The exact changes happening to ENSO in the future is uncertain:[50] Different models make different predictions.[51][52] It may be that the observed phenomenon of more frequent and stronger El Niño events occurs only in the initial phase of the global warming, and then (e.g., after the lower layers of the ocean get warmer, as well), El Niño will become weaker than it was.[53] It may also be that the stabilizing and destabilizing forces influencing the phenomenon will eventually compensate for each other.[54] More research is needed to provide a better answer to that question.

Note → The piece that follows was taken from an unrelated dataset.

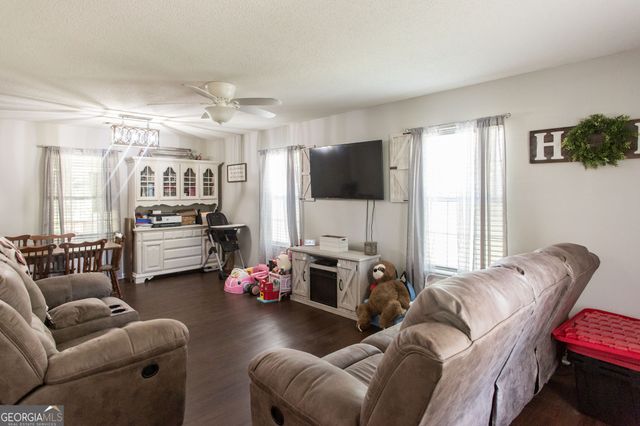 3602 Meadow Lane, Blackshear, GA 31516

The ENSO is considered to be a potential tipping element in Earth's climate[55] and, under the global warming, can enhance or alternate regional climate extreme events through a strengthened teleconnection.[56]

ENSO diversity

The traditional ENSO (El Niño Southern Oscillation), also called Eastern Pacific (EP) ENSO,[57] involves temperature anomalies in the eastern pacific. However, in the 1990s and 2000s, nontraditional ENSO conditions were observed, in which the usual place of the temperature anomaly (Niño 1 and 2) is not affected, but an anomaly arises in the central Pacific (Niño 3.4).[58] The phenomenon is called Central Pacific (CP) ENSO,[57] "dateline" ENSO (because the anomaly arises near the dateline), or ENSO "Modoki" (Modoki is Japanese for "similar, but different").[59][60] There are flavors of ENSO additional to EP and CP types and some scientists argue that ENSO exists as a continuum often with hybrid types.[61]

The effects of the CP ENSO are different from those of the traditional EP ENSO. The El Niño Modoki leads to more hurricanes more frequently making landfall in the Atlantic.[62] La Niña Modoki leads to a rainfall increase over northwestern Australia and northern Murray-Darling basin, rather than over the east as in a conventional La Niña.[63] Also, La Niña Modoki increases the frequency of cyclonic storms over Bay of Bengal, but decreases the occurrence of severe storms in the Indian Ocean.[64]

The recent discovery of ENSO Modoki has some scientists believing it to be linked to global warming.[65] However, comprehensive satellite data go back only to 1979. More research must be done to find the correlation and study past El Niño episodes. More generally, there is no scientific consensus on how/if climate change may affect ENSO.[50]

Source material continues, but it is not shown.